Pourtant, la journée aurait du être paisible, sans trop de travail, ni une météo trop capricieuse. Je n'avais qu'à labourer le champ longeant la ferme, mais ce lutin s'est introduit dans mon simple quotidien comme un défaut d'impression au beau milieu d'un livre. Il suivait la charrue en empruntant les sillons laissés par celle-ci. Néanmoins, il semblait craintif, dès que je me retournais et stoppais la charrue, il s'arrêta de même en tentant de se cacher au mieux. Au début, c'était amusant, mais croyez-moi, là, je ne m'amuse absolument plus du tout...

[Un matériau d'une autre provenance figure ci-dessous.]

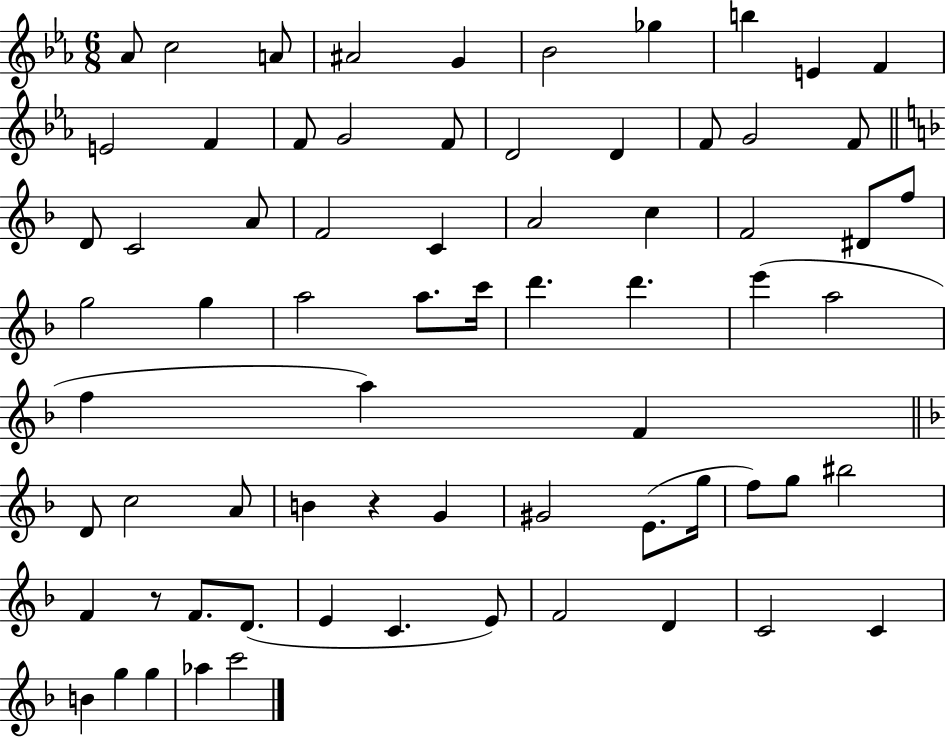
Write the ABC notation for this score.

X:1
T:Untitled
M:6/8
L:1/4
K:Eb
_A/2 c2 A/2 ^A2 G _B2 _g b E F E2 F F/2 G2 F/2 D2 D F/2 G2 F/2 D/2 C2 A/2 F2 C A2 c F2 ^D/2 f/2 g2 g a2 a/2 c'/4 d' d' e' a2 f a F D/2 c2 A/2 B z G ^G2 E/2 g/4 f/2 g/2 ^b2 F z/2 F/2 D/2 E C E/2 F2 D C2 C B g g _a c'2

Le lutin a continué son manège durant toute le labourage du champ. Puis, une fois revenu à la cours de la ferme pour ranger la charrue et ramener les chevaux au champ plus bas dans la vallée, je l'ai aperçu se cacher derrière un vieux chêne de la cours sous lequel était placé un étrange monticule de pierres. Oui, étrange, car ce monticule n'a pas vraiment d'utilité pour une ferme et lors de l'achat de celle-ci, l'ancien propriétaire ne m'en avait pas fait part. De toute façon, je ne vois pas quoi dire sur un tas de pierre. Pourtant, à mon retour à la cours, un grand trou avait été creusé sous le monticule qui fut quelque peu démonté. En y allant voir de plus près, je fis la découverte d'une ardoise cassée sur laquelle étaient écrites verticalement ces inscriptions « IEN 943 ». La cassure de l'ardoise empêchait coupait devant le « I » et plus bas le « 9 ». Il m'est impossible de comprendre de quoi il s'agit. Face à cette étonnante mise en scène, je dois vous admettre que j'ai commencé à prendre un peu peur. Les cambriolages sont fréquents dans cette dure période d'après-guerre, et on ne peut pas dire que les forces de l'ordre soit si nombreuses en pleine campagne... C'est dans cette ambiance d'inquiétude que je m'arma de mon fusil de chasse avant de débuter la traque.

***

Rien.
Absolument rien...

Mais quelqu'un a bien retourné la terre sous le chêne, non !? Je n'ai pas encore de chien et je vis actuellement seul dans la ferme. Il y a quelqu'un d'autre ici ! Il doit y avoir quelqu'un d'autre !! Bon, je pense que je me pose des questions inutilement... Le labourage du champ était long et épuisant, le crépuscule tombe déjà, je doit rentrer pour me reposer avec un bon Calva, ça devrait me calmer...

***

Je n'ai même pas entendu la bouteille de Calva se briser tellement je suis stupéfait de voir ça, par la fenêtre du salon : Un énorme molosse noir vient de surgir lentement de derrière le vieux chêne. Seigneur, il est énorme et ses yeux rouges sont si luisants... Mais bordel qu'est-ce qu'il se passe ici ? Ses massives pattes avant sont pleine de terre, c'est donc lui qui a creusé sous le chêne !
Après un instant pour remettre mes idées en place et reprendre mon souffle, je m'équipa de nouveau de mon fusil. Mais il me fallait être prudent, vu la taille du loup, je ne pouvais pas simplement sortir dehors et lui tirer dessus, puisqu'il m'observe et s'apprête à bondir à tout moment.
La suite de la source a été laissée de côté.